Analysis of not fewer than 4 different solutions

Each type of protection has its own advantages and limitations, which is why we consider each case individually in order to propose the optimal solution.

Protection against a wrong decision

The project owner first considered the use of a seemingly cheaper safeguard, which, however, would have required additional costly works.

Implementation of protection system

We proposed two solutions to the project owner that met the legal and technical requirements. Finally, we protected the equipment using the system of explosion suppression and isolation.

Sugar Strengthens

In communist Poland, they said that ‘sugar strengthens’. And although the slogan was part of the propaganda of the time, Melchior Wańkowicz, the slogan’s author, was certainly right about one thing: there is tremendous power in sugar. It is a real bomb when in the form of airborne dust. Sadly, Imperial Sugar Refinery had this very tough experience – as an explosion at one of its plants led to a real disaster..

Example of a sugar dust explosion. Two tanks protected by decompression panels (top) and connected by a duct. The explosion in the right tank breaks through to the left tank, where a secondary explosion occurs.

Sugar, however, is only an example. There are many more equally explosive dusts in the food industry. Read the story of our client who decided to bring a new section of the plant into compliance with explosion safety requirements.

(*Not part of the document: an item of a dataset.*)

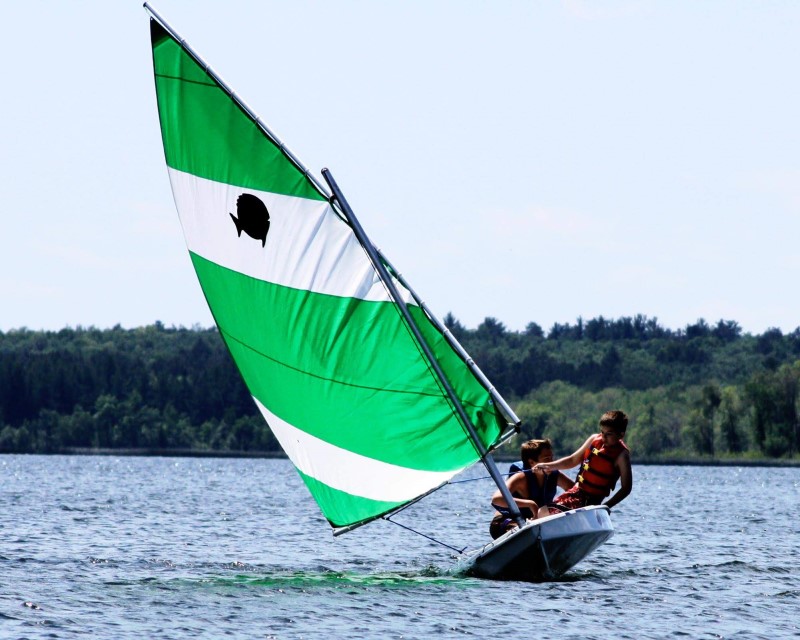 Two Scouts sailing at Scouts BSA Summer Camp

Are these dusts explosive?

After this ‘soft’ introduction, which was just to intrigue you, dear reader, I will immediately hit the high spots, which is what technical people like best.

The story begins when a food industry plant decided to expand its production facility with three dust collectors. The equipment was to provide reception of bulk semi-finished products from the pneumatic conveying system.

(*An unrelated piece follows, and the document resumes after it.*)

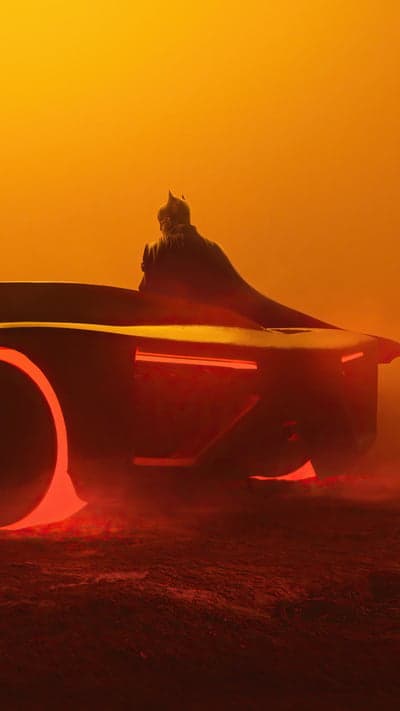 Batman in Batmobile on Orange Haze Background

The dust collectors received three different products, which all had one common denominator: they all posed a risk of explosion, as evidenced by the explosiveness parameters below. In addition, the end of the table shows sugar parameters for comparison, the product that caused the aforementioned tragedy at Imperial Sugar Refinery.

Products with explosive dust contents Pmax (bar) Kst (m*bar/s)
Whey 7,4 53
Skimmed milk powder 7,8 109
Maltodextrin 8,6 133
Sugar 9,0 123

The figures don’t tell me anything, or how to interpret explosiveness parameters

These figures may not be clear to everyone, so we will try to explain how to interpret them.

Pmax specifies the maximum pressure that a given dust explosion can reach. In this case, it oscillates around 8 bar. Is that much? To answer this question, let us compare this value with the structural strength of equipment commonly used in industry. These include silos, intermediate tanks, dryers, dust collectors or bucket elevators: 90% of them have a strength of 0.2 – 1.0 bar.

However, let us return to the dust collectors in question. They had a design strength of 0.4 bar, which is as much as 20 times less than the maximum explosion pressure of the dust collected inside. What does this mean in practice? In one of our free on-line workshops, we analyse an actual explosion that destroyed three dust collectors and a building in 2.3 seconds.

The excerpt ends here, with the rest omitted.